Im Kern geht es dabei darum, die finanziellen Interessen der großen Medienkonzerne wie Springer, Bertelsmann und Sony/BMG gegenüber Betreibern von Internetplattformen wie YouTube, aber auch Blogs, Foren und Wikis, durchzusetzen.
Ausgetragen wird dieser Konflikt auf dem Rücken der Internetnutzer und Kreativen. Diese müssen nach dem aktuellen Entwurf mit erheblichen Einschränkungen rechnen. Das freie Internet wie wir es kennen, könnte zu einem „Filternet“ verkommen, in dem Plattformbetreiber darüber entscheiden müssen, was wir schreiben, hochladen und sehen dürfen.
Denn das geplante Gesetz schreibt Internetseiten und Apps vor, dass sie die von Nutzer*innen hochgeladenen Inhalte präventiv auf Urheberrechtsverletzungen prüfen müssen. Fast allen Plattformen, die Nutzerinhalte hosten, droht damit die Pflicht, Uploadfilter einzubauen.
Uploadfilter sind gefährlich für das freie Netz.
Sie richten sich direkt gegen netzkulturelle Phänomene, wie Memes, Youtube-Videos, Remixe und all den Spaß, den wir so lieben. Die Filter beeinträchtigen zudem das freie Wort. Zum Beispiel treffen sie Whistleblower, die geschütztes Material zur Aufdeckung von Missständen hochladen. Außerdem stärken sie die Macht der großen Konzerne gegenüber Newcomern. Doch das sind nur die unmittelbaren Auswirkungen.
Netz-Biotope sind bedroht.
Viele kleinere Plattformen können den technischen Aufwand für derartige Filter gar nicht leisten. Schier unendlich ist die Anzahl der urheberrechtlich geschützten Werke, gegen die jeder einzelne Upload geprüft werden muss. Sie werden daher gezwungen sein, die Filter an externe Dienstleister wie Google auszulagern. Und sie haften für den Inhalt der Nutzer.
Urheber*innen profitieren von dem aktuellen Gesetzesentwurf nicht!
In Deutschland gilt das „Leistungsschutzrecht“ bereits als gescheitert. Artikel 11 ist nun ein zweiter, europaweiter Versuch, großen Verlagen neue Einnahmen zu bescheren. Artikel 12 benachteiligt Autor*innen, Kreative und andere Urheber*innen durch Pauschalverträge. Und die Uploadfilter in Artikel 13 behindern die Arbeit Kreativer, anstatt diese zu schützen.

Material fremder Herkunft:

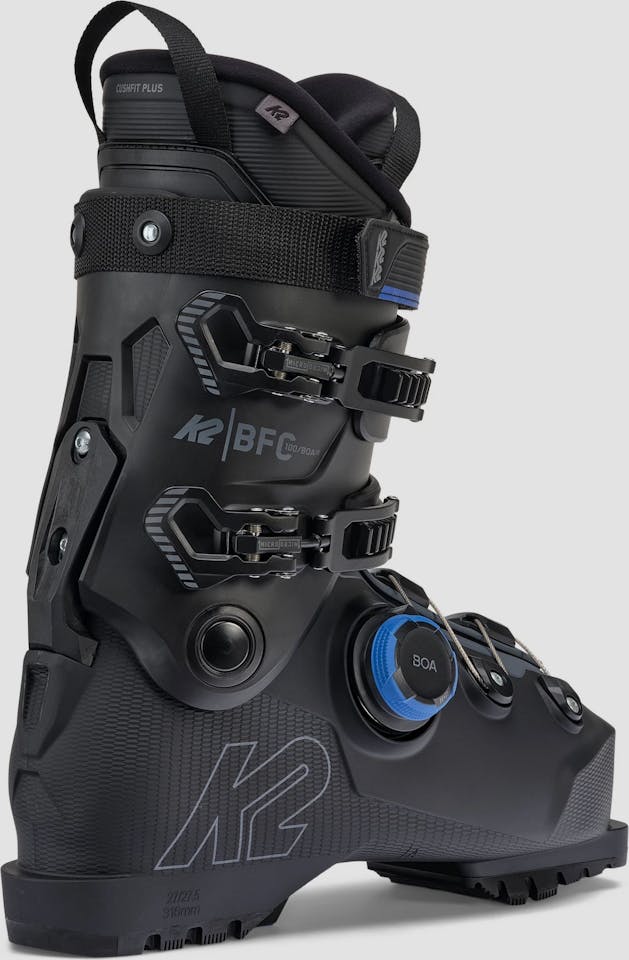 K2 BFC 100 Boa 25/26 05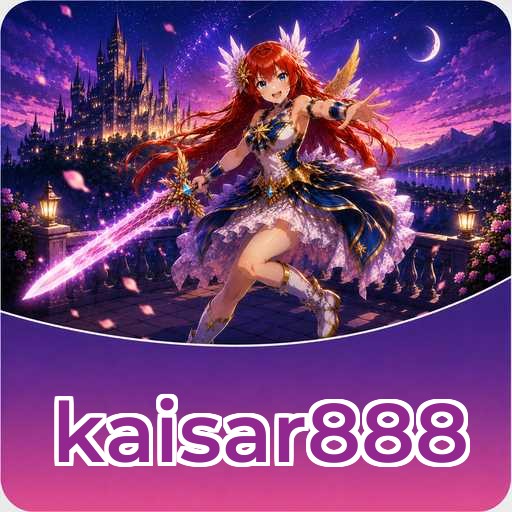 kaisar888 Verification
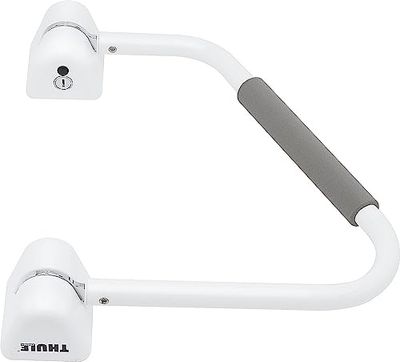 Thule Mov9999183 Accessori da campeggio, Blanco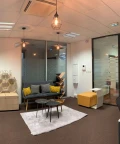 Open Space - 67960 - 10 postes - 230€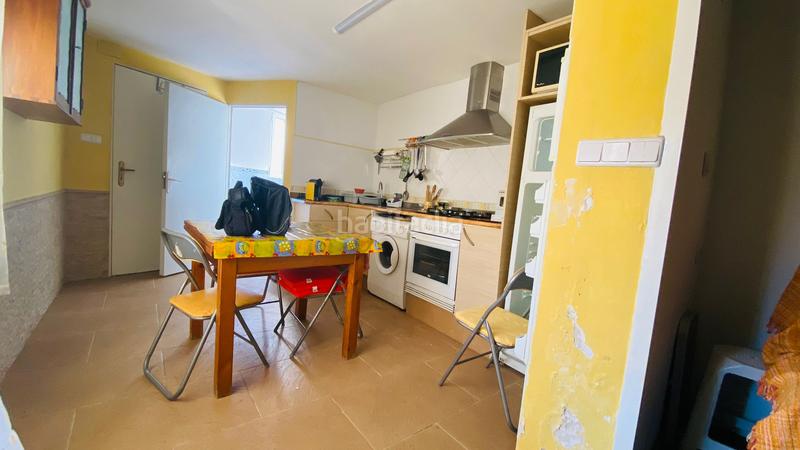 Foto dddb43f0-8493-4ac6-952a-1a1c96c61510. Casa buscas casa ? en Gaibiel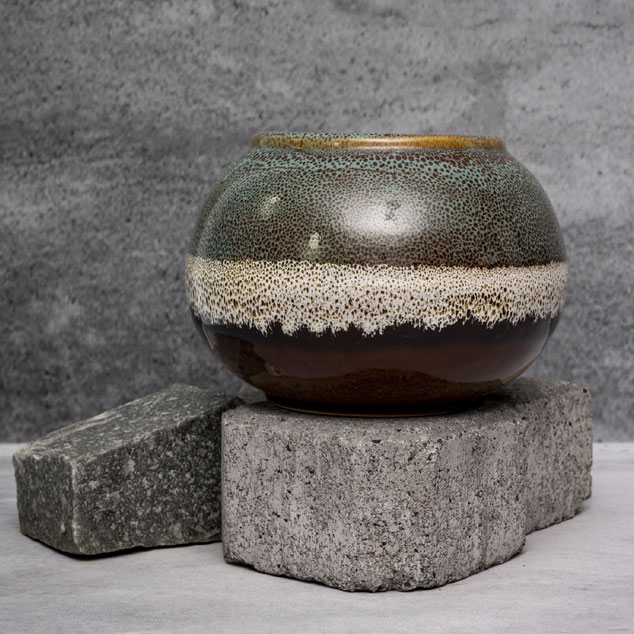 VASES VASES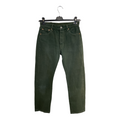 Levi's 501 Jeans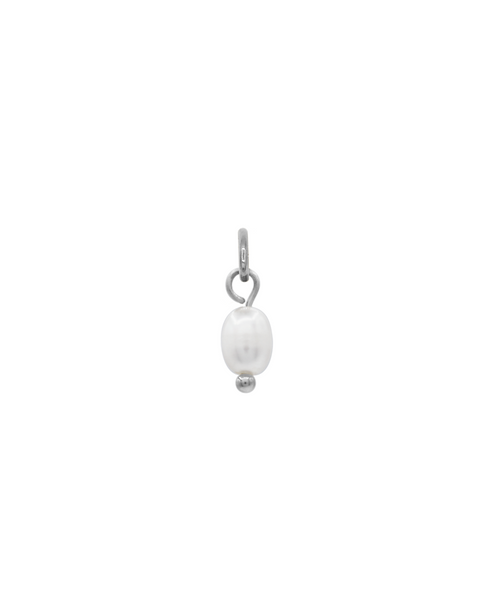 PEERLESS CHARM MEDIUM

Upload-Filter machen Fehler.
Automatisierte Filter sind überhaupt nicht in der Lage, den Kontext von Inhalten einzuschätzen und daher sehr fehleranfällig. Sie können weder zwischen Urheberrechtsverletzungen und schöpferischen Adaptionen unterscheiden, noch zwischen Terrorpropaganda und Berichterstattung über Terrorismus. Die Plattform YouTube, die ähnliche Filter bereits auf freiwilliger Basis einsetzt, sperrte zehntausende Videos, die Kriegsverbrechen dokumentierten, weil in ihnen IS-Flaggen zu sehen waren. Zudem wächst die Empörung in der YouTube-Community über „false Copyright-Strikes“ schon seit Jahren und viele Channel haben geblockte Videos oder werden gar ganz gesperrt, obwohl die betreffenden Videos keine Urheberrechtsverletzungen beinhalten.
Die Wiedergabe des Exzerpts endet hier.